夏休みは夏休みの良さがある!
B学童の夏休み。三年生と四年生のMK君とHT君は、少し暗い印象のある兄弟だ。
宿題のプリントなどをやっている様子や漢字の書き取りなどを見ると、勉強はまあまあできる方だ。
二人とも顔立ちは、なかなか整っていて運動もそこそこ出来る。
ただ、二人共に口数が少なく大人しく余り笑わない。
その兄の方と最初にちょっと仲良くなった。
きっかけは、夏休みに入り仲良くなりたくてMK君と彼の友人二人のLaQ(細かいレゴの様な玩具)遊びに一時間徹底的に付き合ったことからだ。何故こんな時間が持てたかというと、夏休み中は夏季パートの方が結構入ってくださるので、子どもの数が少ない日には、若干子ども達との濃密な時間を持つことが出来るのだ。
そして、先日兄のMK君が
「今日は僕の誕生日なんだ。」
と言ってきた。私はイベントで多めに作った栞🔖のうち、彼に気に入ったのを選んでもらい、ささやかなバースデープレゼントにした。

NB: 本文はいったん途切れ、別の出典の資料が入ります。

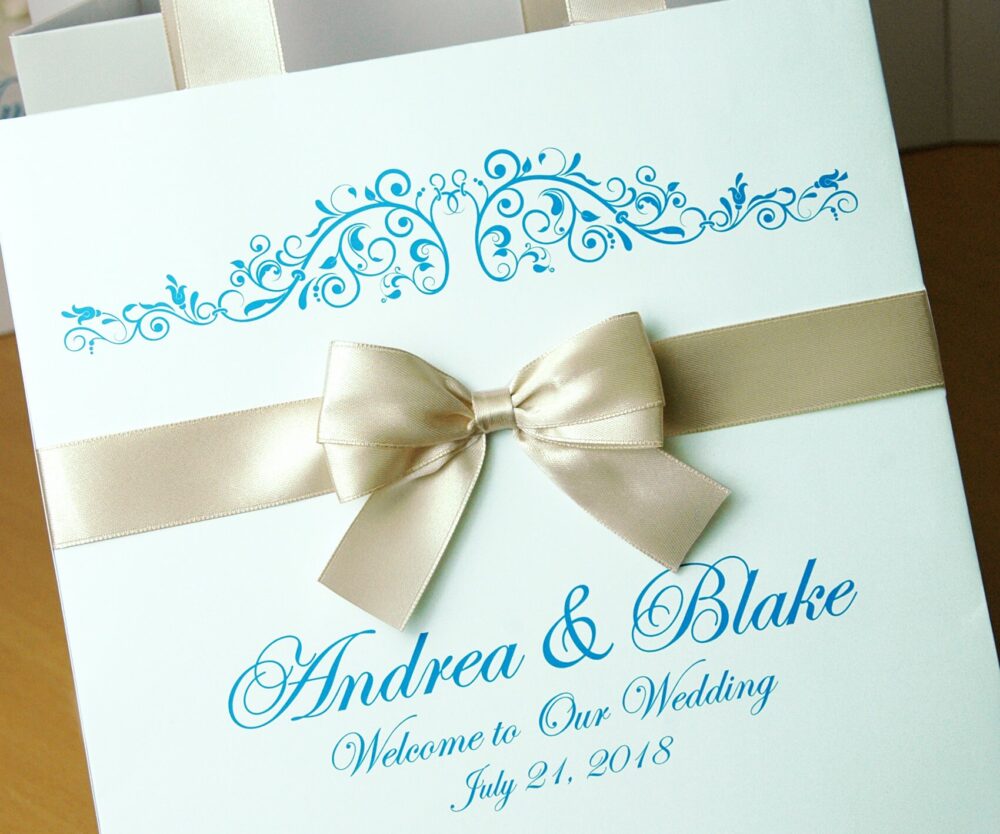 25 Wedding Welcome Bags With Champagne Satin Ribbon Handles, Bow & Turquoise Names, Elegant Personalized Wedding Favor For Guests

そして、翌日今度は弟と昼食時に、同じテーブルについて二人でゆっくり話せる時間を取れたので、
「昨日、お兄ちゃんにおめでとう🎉を言った⁉︎」
と聞いたら、
「うん、ケーキも食べたよ。」
と答えてくれたので、
「じゃあ、家族みんなで祝えて、お兄ちゃん良かったね。」
と言ったら、少し間を置いて、
「○○さん、お父さんいる?」
と聞いてきたので、
「私のお父さんは死んでいてもういないよ。」
と言ったら、HT君はホッとした顔をして、
「うちもお父さんいないから、昨日はお母さんと俺らだけだった…」
と打ち明けてくれた。
そのことは以前から知っていたが、私は知らなかった体を装って、
「ふーん、そうなんだ。でもお母さん、必ずケーキ手作りだってお兄ちゃんから聞いたよ。凄いね!」
と言うと、
「最初から出来上がってるカステラのところを買ってきて、生クリームとスイカ🍉と缶詰の桃🍑をのせるだけだよ。」
と、言う。その表情はやや誇らしげで嬉しそうだ。
子ども二人を育てながら、仕事を頑張って、それでも手作りのケーキを準備するお母さん、凄いなぁ、とこちらも嬉しくなった。